小倉智昭「裸の女性」実況がきっかけで退社していた テレビが「不適切」であふれていた時代の秘話
土曜日深夜の生放送のとんでもない番組で、笑福亭鶴瓶が裸で走り回る様子が放送されたこともあって。それでプロデューサーが責任を取らされた。いま鶴瓶にその話すると嫌がるんだけど。 この番組に競馬の予想コーナーがあって、いつもは翌日、日曜日の予想を僕がやっていたんですね。ある時、なぜかは忘れましたが、有馬記念の予想実況を秋田弁でやってくれないか、と言われました。で、それをやったらバカ受けしたんです。 それで「小倉ってやつは相当面白い。競馬の予想だけじゃもったいないから、他のこともやらせて、山城さんにいろいろ絡ませよう」となった。 それで山城さんのツッコミ役みたいなことをやっているうちに、服を着ていない女性をひざの上に抱いて実況するとか、胸もあらわな女性が手押し車で押されてきて、僕の上を通過していくのを実況するとか、その手の企画もやっていくことになった。
アナウンス部長の説教
相当、面白い番組だったと思いますよ。視聴率もすごく取っていて目立つ番組で、「赤旗」ではワースト番組になっていたくらい。 当時、局の視聴率が低かったのはさっきお話しした通りで、「お米屋さん」なんて呼び名もあったんですね。これは視聴率の表で、0.1%以下は“※”と記されることからきていた。 そんな中で「独占! 男の時間」は、10%くらい稼いでいた。
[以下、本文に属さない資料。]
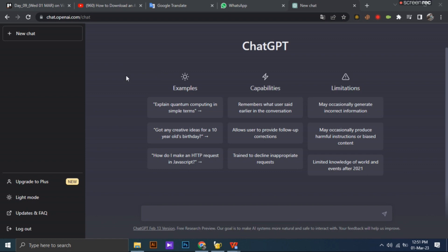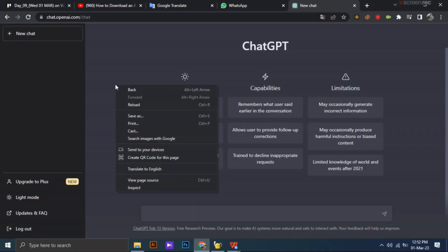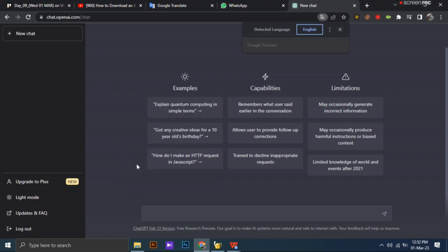First of all you have to go to the ChatGPT website. After going to the ChatGPT website, you need to right click and choose the translate to English option in here. So tap on it.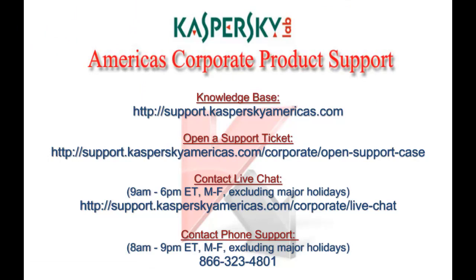For additional support options, please contact Kaspersky Lab America's Corporate Support. You can access our knowledge base 24 hours a day, submit a web ticket, chat with a support engineer, or call our support center during normal hours of operation. Thank you for choosing Kaspersky Lab.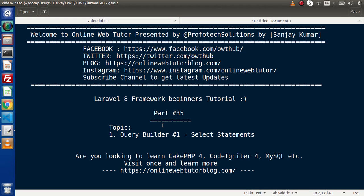By using the Query Builder method, inside this video we had seen all about select statements. In the next video, we will see some advanced like-queries of select statements, as well as we will discuss insert, update, and delete methods. So for this video session guys, thank you for watching and have a great day.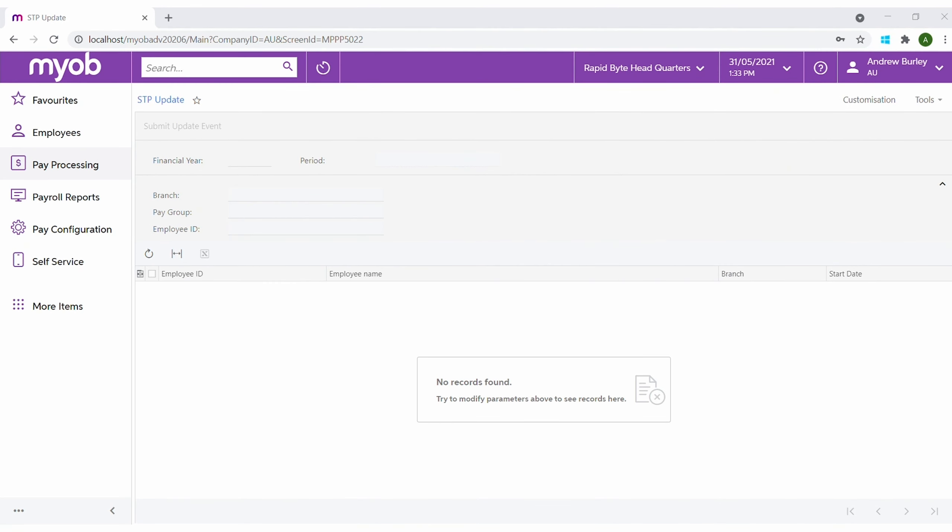Finally, use the STP finalise function to advise the ATO when all of your employees' tax returns can be pre-populated. Advanced People simplifies STP reporting, whilst also providing visibility that builds confidence in the process.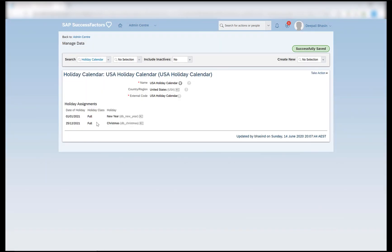This means that 1st of January 2021 will have zero working hours in the work schedule of the employee, if this particular holiday calendar is assigned in the time information of the employee.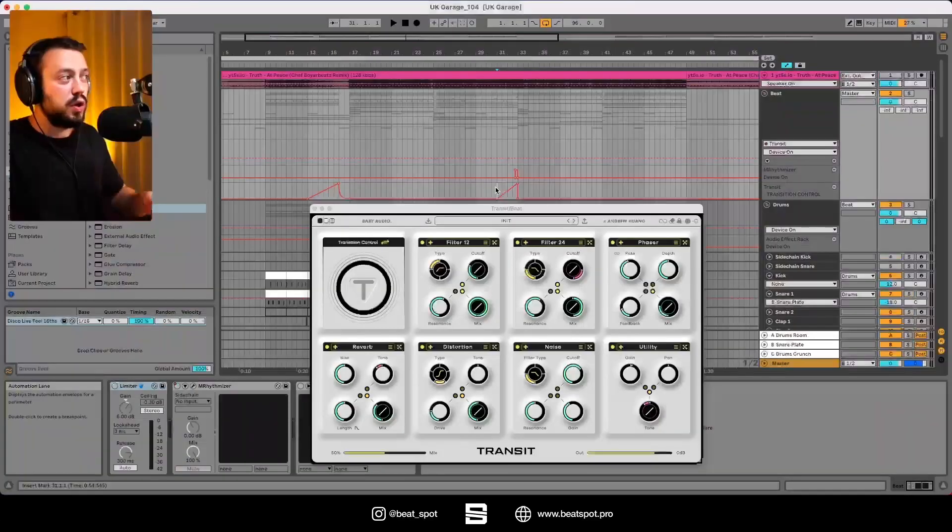Ciao, welcome to Beatspot. I'm Marco and in this video I want to talk about the new plugin Transit by Baby Audio, which is a plugin for transitions. So let's dive into it.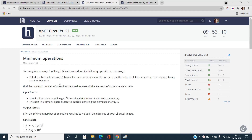Coming back to this problem — the problem name is Minimum Operations. Before moving further, let me clarify that there is a slight mistake in this problem, due to which many submissions have not gotten the correct answer.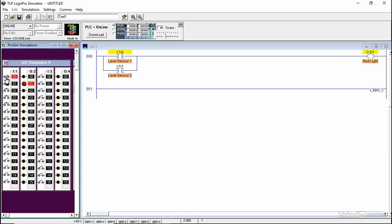When the first one is on, the red light turns on. Or, if the second one is on, the red light will turn on. I don't need both sensors to be on for the light to turn on. Just one of them can activate the output.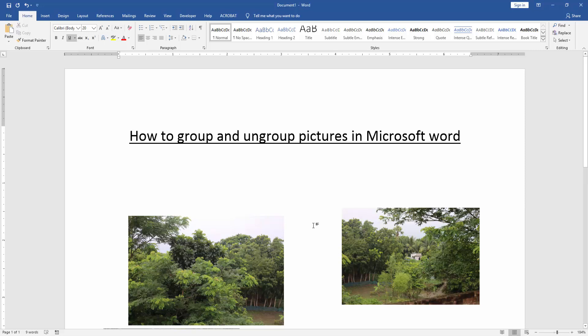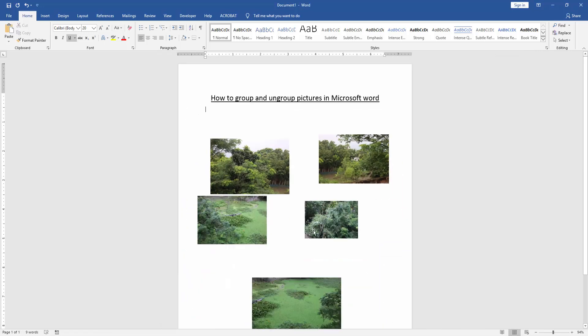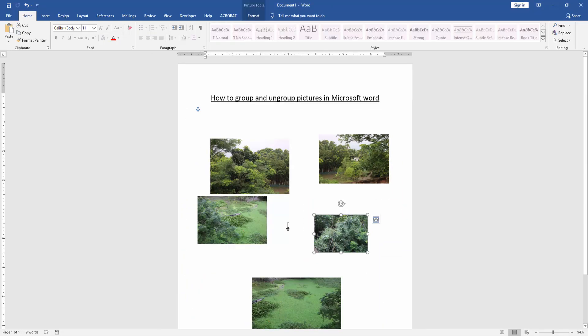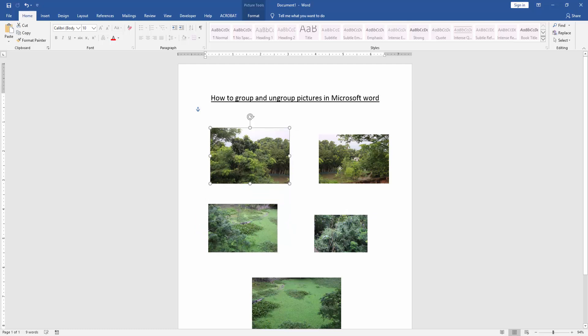We take some pictures in this document. Now we want to group and ungroup all these pictures.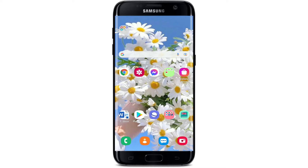Hi everyone, welcome back to another episode of WebTech Tutorial. In today's video, I'm going to show you how to download the Chase mobile banking application on your Android device. Keep watching the video till the end to learn how.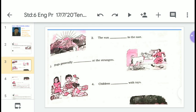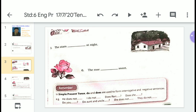The first one is already done. Second: the sun rises in the east. Third: dogs generally bark at the strangers — 'bark' in second number, 'rises' in fourth number. Fourth: children play with toys. Fifth: the stars twinkle at night. And the last: the rose smells sweet. This is how you have to put the right forms of a verb in sentences.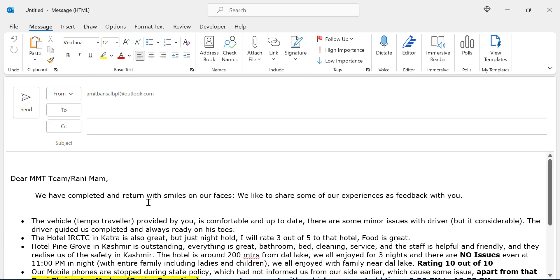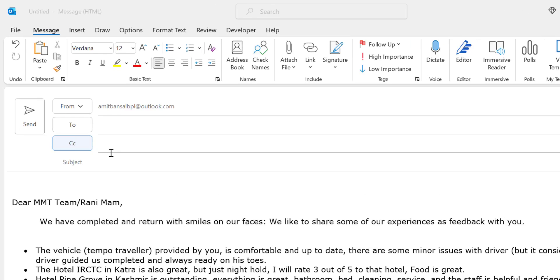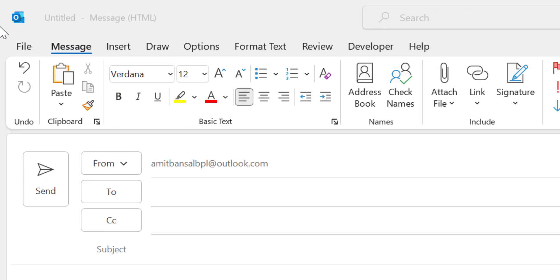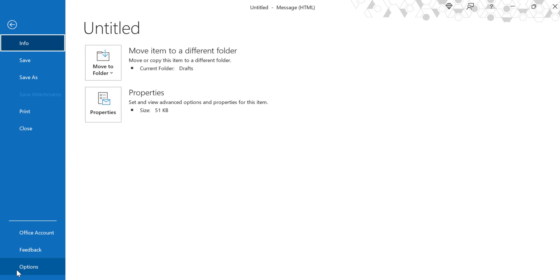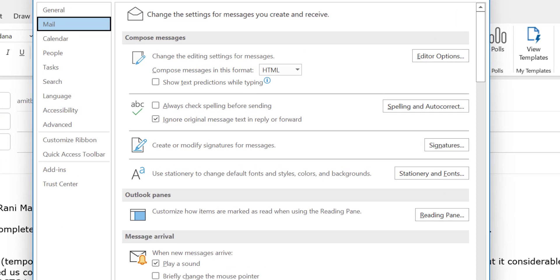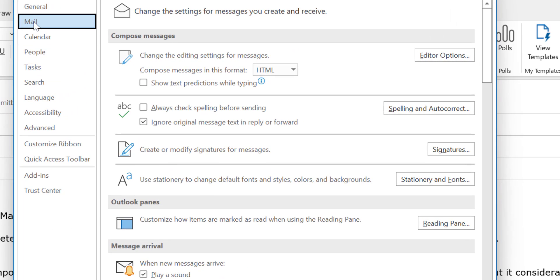So let's begin. Click on the File tab from the top left corner of your screen. Now click on Options. In the left navigation section, click Mail. Now click Editor Options in the compose message section.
だからワーストと批判されても局の側も粘っていたわけです。 でも、そのうち局内でも問題視する人も出てきて、ある時、アナウンス部長に呼ばれた。 「小倉君、昨日のあのしゃべりは何だね」 「えっ、どういうことですか」 「裸の実況するなんて、アナウンサーとしてあるまじき行為だ」 「いや、あれは自分が意図したところではなくて演出です。演出で面白くしてくれって言うから面白くしたつもりです」 こんなやり取りをしていたら、最終的に、 「ああいうことをやってちゃ困る。今後一切やめてくれ」 って言われた。ああ、この局は俺のいる場所じゃないなって、そのとき思ったの。 ちょうど同時期に、大橋巨泉さんが、僕の競馬中継に目をつけてくれて、「お前、俺と一緒にやらないか」って言ってくれていました。だから、渡りに船で会社を辞めたんです。 〈昨今、局アナからフリーに転身というと収入が格段に増えるというイメージが強い。が、小倉さんの場合は正反対で激減。生活のためにワイドショーのリポーターの仕事をやっていた時期もあったという〉 リポーターやっていた時期は結構長かった。事件取材とか芸能人の取材とかね。 僕が始めたときには梨元勝さんとか鬼沢慶一さんとか福岡翼さんとか、そういうベテランの芸能リポーターが共同記者会見の1列目のいいところに座ってるわけよ。こっちはそんなこと知ったこっちゃないからさ、好きなところに座ろうとすると、「そこは俺の席だよ」って言われたりしたね。 それに対して噛みついて記者会見でも好きなことを聞いたりしたら、後で怒られたもんです。歌舞伎のときなんかそういうことが多かったな。たとえば先代の猿之助さんと藤間紫さんの関係が話題になっていれば、リポーターは“男女関係”を聞きたいわけよ。 僕はそのへんよりも歌舞伎そのものが好きなんで、芝居の内容とか演目のこととか、あるいは先代との思い出話とかを聞くでしょ。そうすると向こうも喜んで答えてくれるわけよ。愛人関係がどうこうみたいなことは話したくないから。 僕は本筋の話のほうが面白いと思って聞いていたんだけど、後で周りのリポーターから首絞められそうになったことがある。「ぶっ殺すぞ」って。 *** 『本音』の中で小倉さんは、あらゆる登場人物を実名で語っている。これもまた「イニシャルトーク」が全盛の令和の時代においては珍しいタイプのトークといえるかもしれない。